YOUR GOAL:
Each line from the one holding "darek pro muze" to the last line below must be restated word for word, and no picture may be included.

** DATA follows **

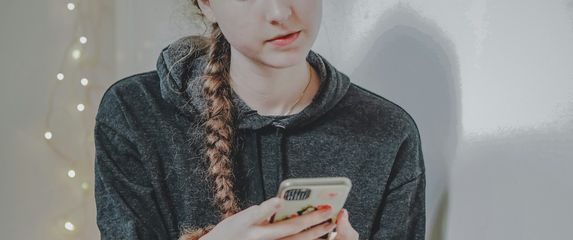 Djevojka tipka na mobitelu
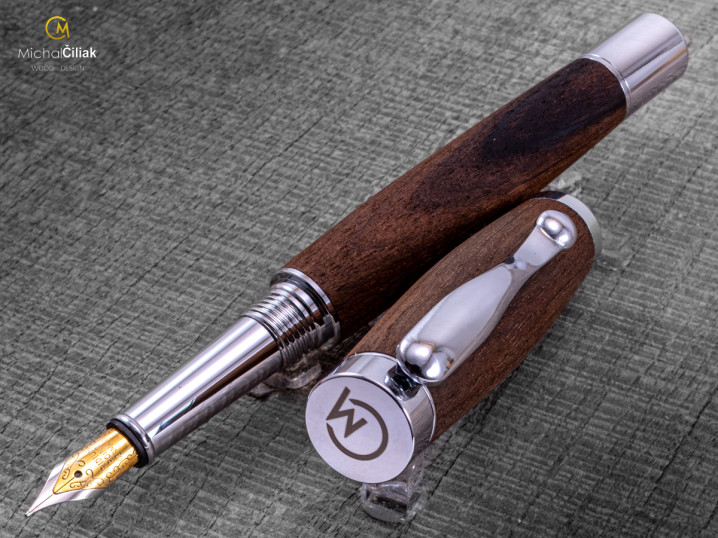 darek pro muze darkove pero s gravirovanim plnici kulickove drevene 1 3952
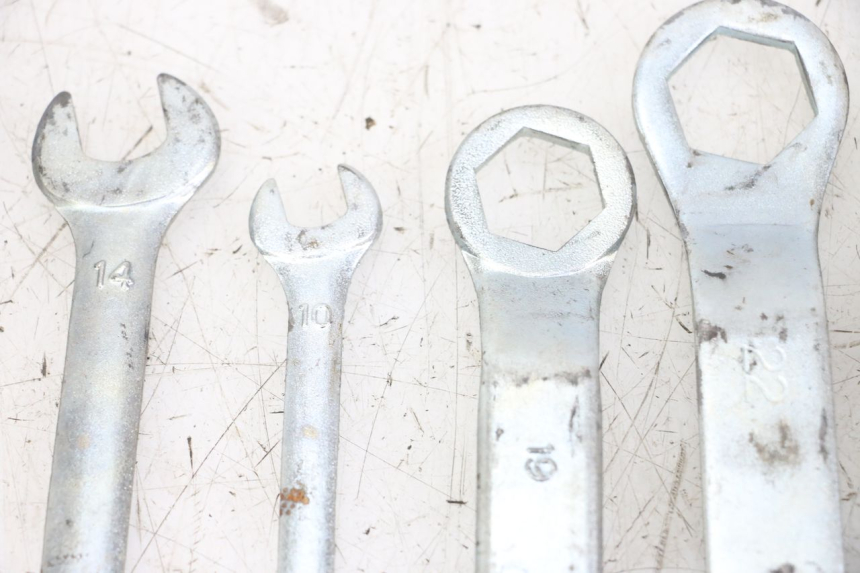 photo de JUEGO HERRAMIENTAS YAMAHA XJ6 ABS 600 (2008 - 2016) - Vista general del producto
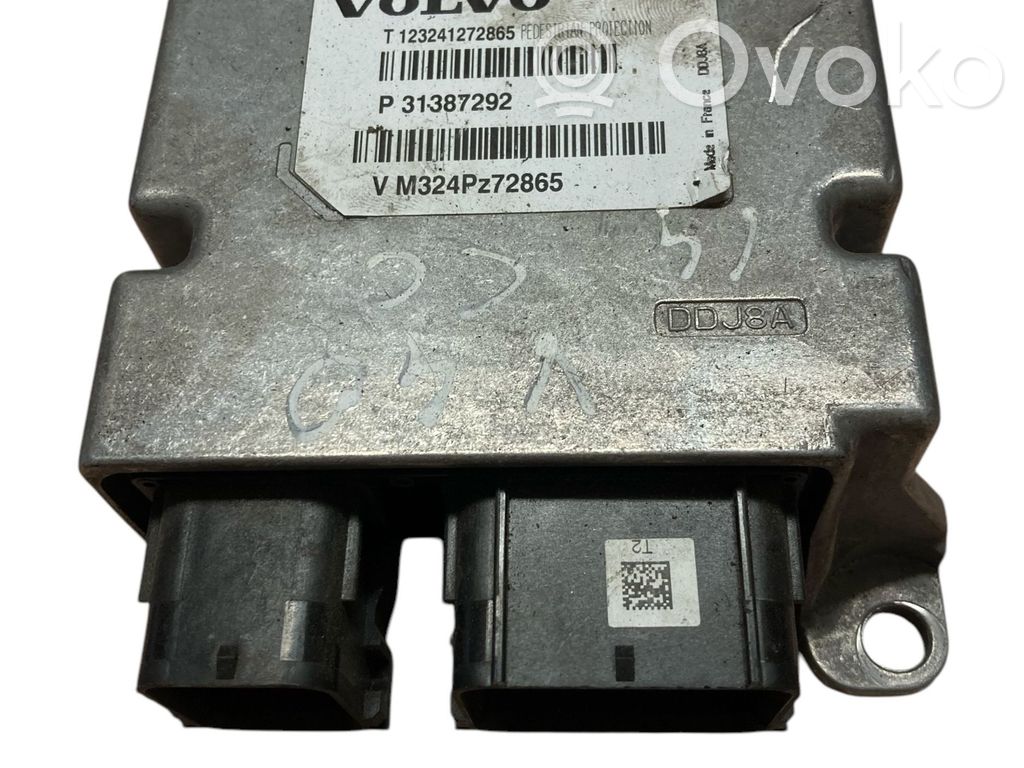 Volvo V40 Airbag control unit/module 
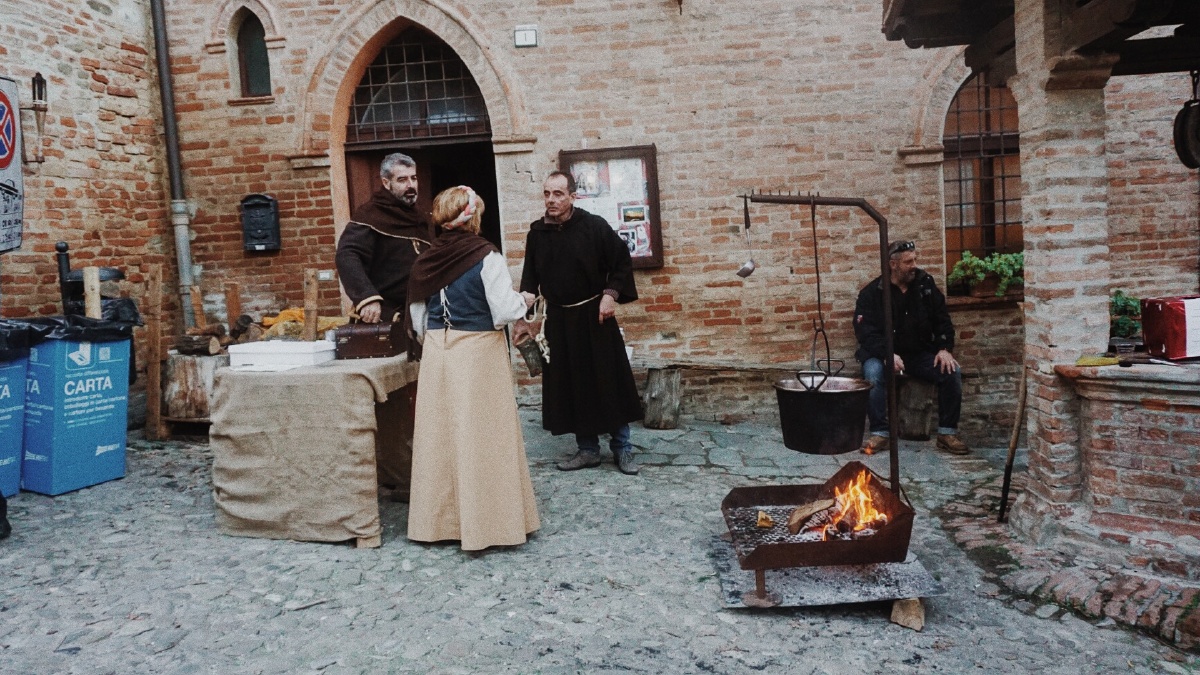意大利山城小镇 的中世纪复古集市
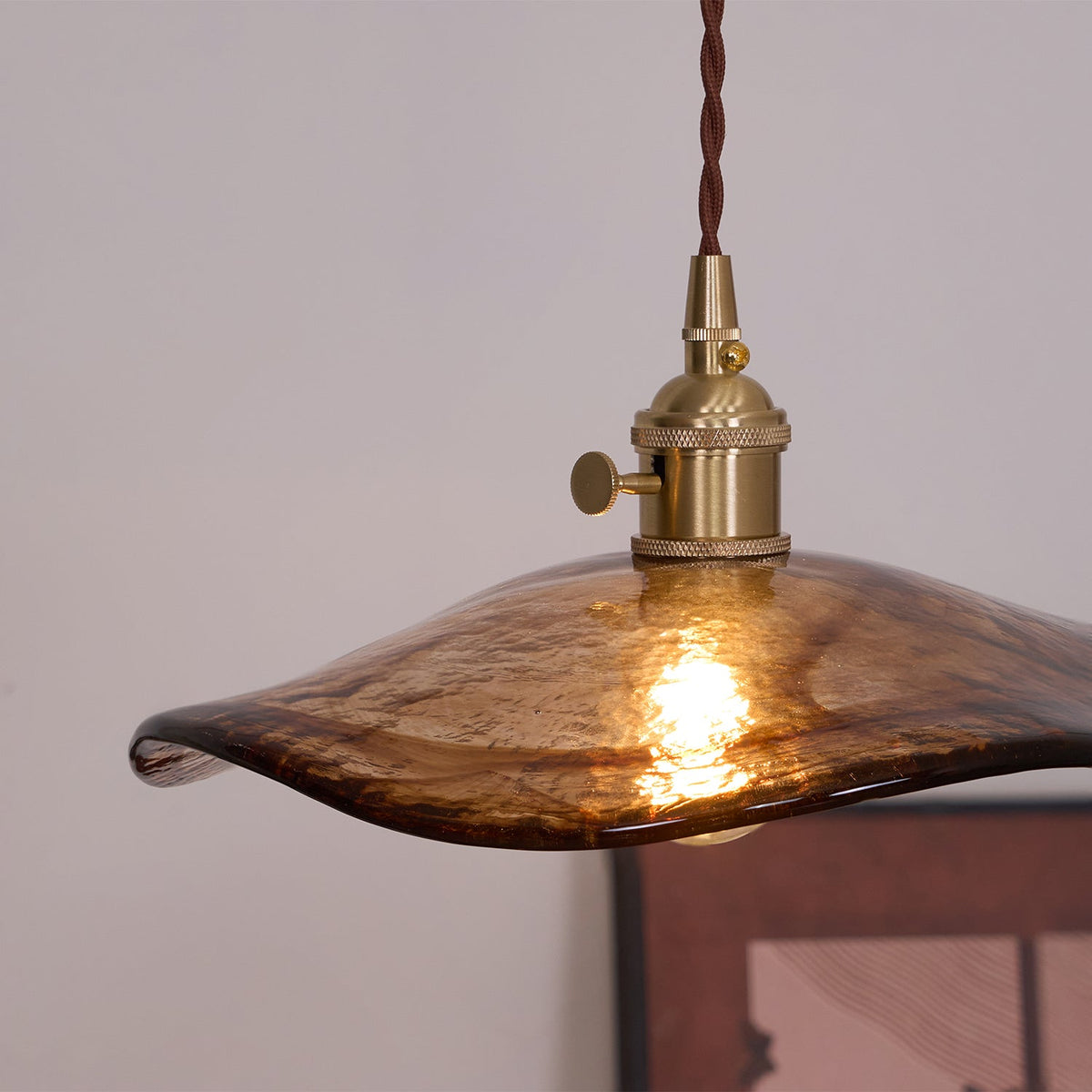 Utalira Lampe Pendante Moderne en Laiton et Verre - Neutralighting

** End of DATA **

WRITTEN ANSWER:
 darek pro muze darkove pero s gravirovanim plnici kulickove drevene 1 3952
 photo de JUEGO HERRAMIENTAS YAMAHA XJ6 ABS 600 (2008 - 2016) - Vista general del producto
 Volvo V40 Airbag control unit/module 
意大利山城小镇 的中世纪复古集市
 Utalira Lampe Pendante Moderne en Laiton et Verre - Neutralighting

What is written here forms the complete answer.